Print nothing except the line holding "Arteriografía: permeabilidad de" and the lines that come after it in the material below, and leave the pictures out.

> _DATASET EXCERPT_

━━━

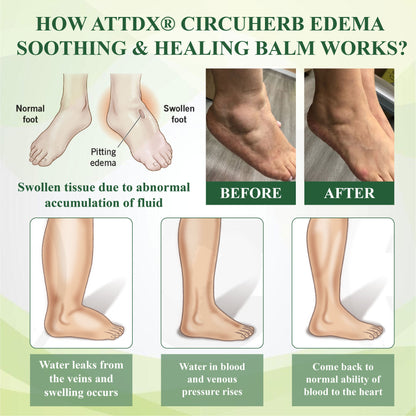 ATTDX® CircuHerb Edema Soothing & Healing Balm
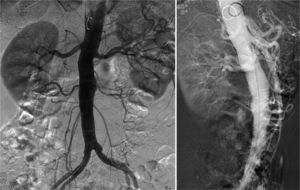 Arteriografía: permeabilidad de troncos viscerales.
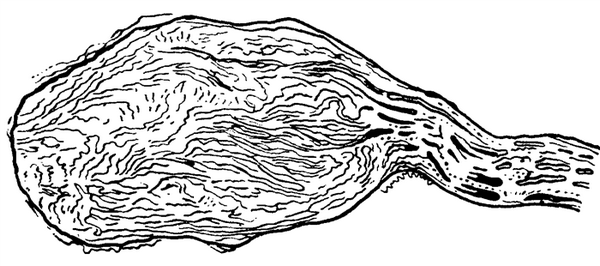 Рис. 1. Схематическое изображение регенерационной невромы центрального конца нерва, образовавшейся после полного анатомического перерыва нерва.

━━━

> _ANSWER_
 Arteriografía: permeabilidad de troncos viscerales.
 Рис. 1. Схематическое изображение регенерационной невромы центрального конца нерва, образовавшейся после полного анатомического перерыва нерва.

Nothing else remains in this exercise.